Читаем Час кроткой воды полностью

Мама тогда сильно приуныла – ведь ее ребенку судьба не отмерила удачи. Собака успокаивал ее – дескать, он и без везения обойдется. Он даже был рад этому – потому что ненавидел дармовщину.

А потом предсказание забылось. Не до того было Шану, чтобы помнить. Нужно было искать приработка, хорошо служить стражником, сдавать экзамен на сыщика, ловить преступников, выплачивать за дом… недосуг ему ворошить в памяти давние слова.

А сейчас он вспомнил все – даже запах своих срезанных волос, сгорающих на специальной жаровне после гадания.

Вспомнил – потому что все сбылось в точности.

А значит, сказанное ему сегодня тоже сбудется в точности.

И потому Храмовая Собака не мог не испытывать тревоги – совсем такой же, как и в прошлый раз. Хотя на давешнего Видящего Чистое Зеркало не походил ничуть.

Наверняка прозвание свое он получил за мастерство и талант – который, как зеркало, отражает будущее. Но Шану думалось иначе. Выражение блестящих, словно зеркало, черных глаз гадателя поражало редкостной душевной чистотой.

Чистотой – но отнюдь не наивностью.

О какой наивности речь, если человек изо дня в день соприкасается с людскими судьбами! Сколько обличий будущего он уже успел повидать в свои совсем еще юные годы?

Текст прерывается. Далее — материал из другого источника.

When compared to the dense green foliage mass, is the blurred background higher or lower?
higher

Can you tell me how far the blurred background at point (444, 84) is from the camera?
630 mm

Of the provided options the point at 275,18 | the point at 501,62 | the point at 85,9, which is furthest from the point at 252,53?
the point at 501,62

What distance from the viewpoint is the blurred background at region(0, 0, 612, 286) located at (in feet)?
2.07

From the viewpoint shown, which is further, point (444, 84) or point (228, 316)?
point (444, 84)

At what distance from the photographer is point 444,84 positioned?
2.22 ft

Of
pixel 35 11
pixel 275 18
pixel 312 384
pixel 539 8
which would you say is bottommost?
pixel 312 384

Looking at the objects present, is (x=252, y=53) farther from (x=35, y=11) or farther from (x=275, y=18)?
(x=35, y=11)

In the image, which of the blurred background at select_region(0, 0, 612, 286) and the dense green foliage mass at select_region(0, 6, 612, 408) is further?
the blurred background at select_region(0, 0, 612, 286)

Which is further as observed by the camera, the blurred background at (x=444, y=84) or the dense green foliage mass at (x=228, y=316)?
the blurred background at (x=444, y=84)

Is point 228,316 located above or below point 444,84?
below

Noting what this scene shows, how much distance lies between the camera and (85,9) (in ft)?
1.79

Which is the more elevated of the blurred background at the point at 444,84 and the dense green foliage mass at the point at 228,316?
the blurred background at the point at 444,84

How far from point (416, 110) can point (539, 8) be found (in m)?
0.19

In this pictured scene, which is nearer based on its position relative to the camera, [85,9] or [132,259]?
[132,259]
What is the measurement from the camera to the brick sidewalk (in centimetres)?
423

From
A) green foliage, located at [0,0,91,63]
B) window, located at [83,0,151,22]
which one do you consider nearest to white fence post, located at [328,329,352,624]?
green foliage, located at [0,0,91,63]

А Чистое Зеркало был юным. Даже моложе Воробья. А выглядит старше. Тье рядом с ним показался бы мальчишкой. Умным и проницательным не по годам – но как ни крути, а вся его повадка мальчишеская. Ему еще только предстояло повзрослеть. А юный гадатель оставил порог зрелости далеко позади.

Напротив Шана сидел тихий юноша с тонкими чертами лица, осунувшийся после тяжелой болезни – а Шан каменел, потому что понимал: это обманка. Это всего-навсего тело.

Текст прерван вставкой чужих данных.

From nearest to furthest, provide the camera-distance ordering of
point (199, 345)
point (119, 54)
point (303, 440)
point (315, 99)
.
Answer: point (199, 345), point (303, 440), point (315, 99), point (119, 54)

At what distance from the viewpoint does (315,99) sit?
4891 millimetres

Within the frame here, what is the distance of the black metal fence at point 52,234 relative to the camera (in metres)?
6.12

– Вам, наверное, понадобятся мои волосы? – наконец нарушил молчание Храмовая Собака и сам потянулся за ножницами, лежащими возле жаровни.

– Нет, – покачал головой Чистое Зеркало. – Здесь и сейчас для вас – нет.

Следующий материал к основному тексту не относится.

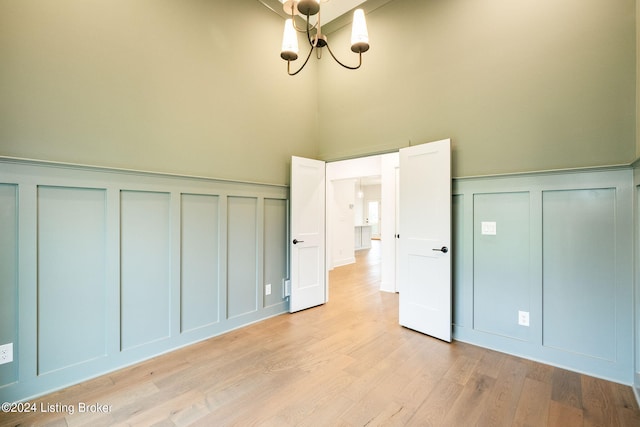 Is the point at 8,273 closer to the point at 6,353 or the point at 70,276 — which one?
the point at 70,276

Он пододвинул к Шану тушечницу и кисть.

На стол лег лист бумаги.

– Да… так будет правильно. Напишите мне пару строк. Любых. Что угодно. Что вам первым в голову придет.

Легко сказать – что придет в голову! А если ничего? Шан был напряжен, словно на экзамене, когда волнение смывает из памяти все знания, и пустота в голове может поспорить с пустотой белого листа бумаги. Шан тогда едва справился. Ему еще и крупно не повезло. Экзаменуемый должен показать не только грамотность и знания, а еще и какой-нибудь литературный навык – во всякий раз другой. А какой именно, до начала испытаний неизвестно – чтобы нельзя было смухлевать, приготовив ответ заранее. И надо же случиться, чтобы в год, когда Храмовая Собака сдавал экзамен, кандидатам выпало сочинить парные строки!

Поэзию Шан любил и в стихах разбирался. Но сочинять самому… такого таланта боги и духи ему не отсыпали. Он не просто не умел слагать стихи – под это дарование в его душе и разуме не было места, и даже полочку под него прибить было некуда. Все остальные задания Шан одолел за половину отпущенного срока – а над стихосложением маялся почти до удара гонга, возвещающего окончание экзамена. Кое-как он все же умудрился написать две параллельные строки:

Белый свет с небес летит,Черный мрак в земле лежит.

Формальные требования были выполнены. Строки действительно параллельны: каждое слово второй строки противоположно по смыслу соответствующему слову первой. И рифма есть. И размер соблюден. Но вот назвать это поэзией… Шан даже и не пытался. Каких поэтических взлетов можно ожидать от человека, который и грамотен-то с позавчера? Шан не питал иллюзий по поводу своего творения. Он всего лишь мрачно надеялся, что экзаменатор поставит ему проходную оценку «удовлетворительно» – иначе Храмовой Собаке придется прийти на пересдачу через год, и одни лишь боги и духи ведают, что от него потребуют сочинить год спустя.

Экзаменатор выписал под его двустишием «хорошо» четкими изящными знаками, так непохожими на тяжелые черты, оставленные кистью Шана. Сразу видно, что управляться с нею Собака еще толком не приноровился. Написанное им до смешного напоминало булыжную мостовую, где все камни разного размера притиснуты друг к другу, образуя дорожное полотно. С тех пор Шану приходилось писать много и часто, и теперь его почерк напоминал уже мостовую, составленную из одинаковых ровно отесанных камней, уложенных в строгом порядке.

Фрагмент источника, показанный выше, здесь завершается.